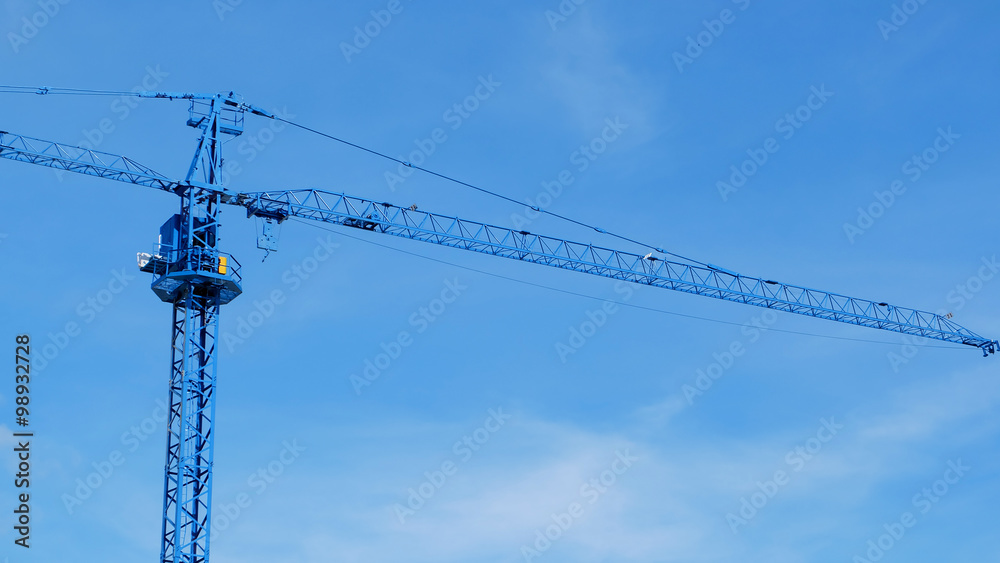 large construction crane machine with clear blue sky background large construction crane machine with clear blue sky background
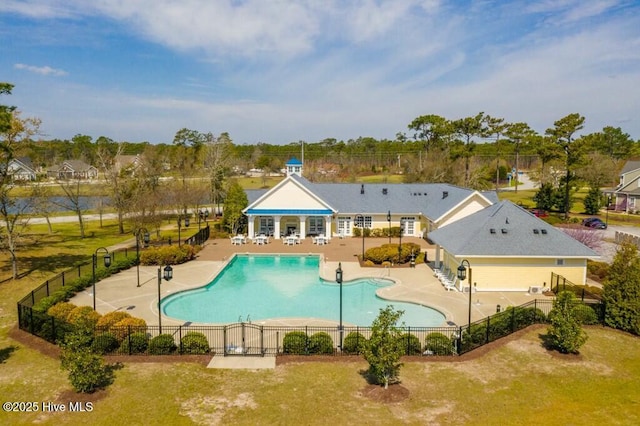 view of pool featuring a patio area and a lawn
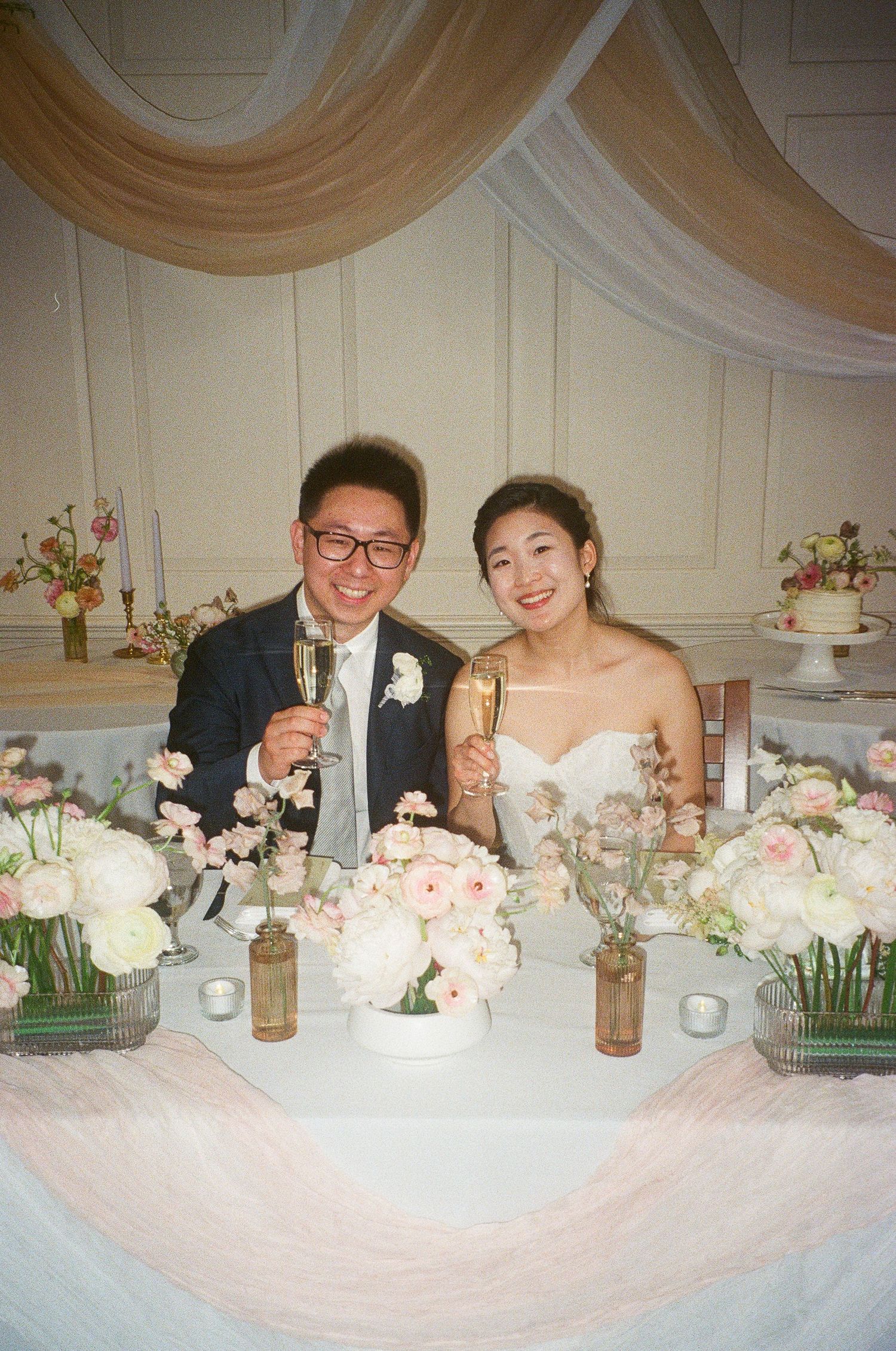 Elegant wedding reception table with blush floral centerpieces and romantic candlelight decor.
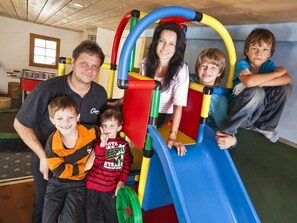 A family of five at a playground with a slide. - Alpina Schmed, Brigels, (Breil/Brigels), 65002B by Interhome (Breil/Brigels)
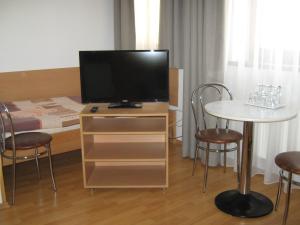 Habitación con TV y mesa con sillas. en Penzion U Radnice en Kyjov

▸ Exercise goal
Find the line containing "view of pool", then extract it and every line after it to the end of the data above, exactly and nothing else, without pictures.

▸ Response below
 view of pool featuring a patio area and a lawn
 Elegant wedding reception table with blush floral centerpieces and romantic candlelight decor.
 A family of five at a playground with a slide. - Alpina Schmed, Brigels, (Breil/Brigels), 65002B by Interhome (Breil/Brigels)
 Habitación con TV y mesa con sillas. en Penzion U Radnice en Kyjov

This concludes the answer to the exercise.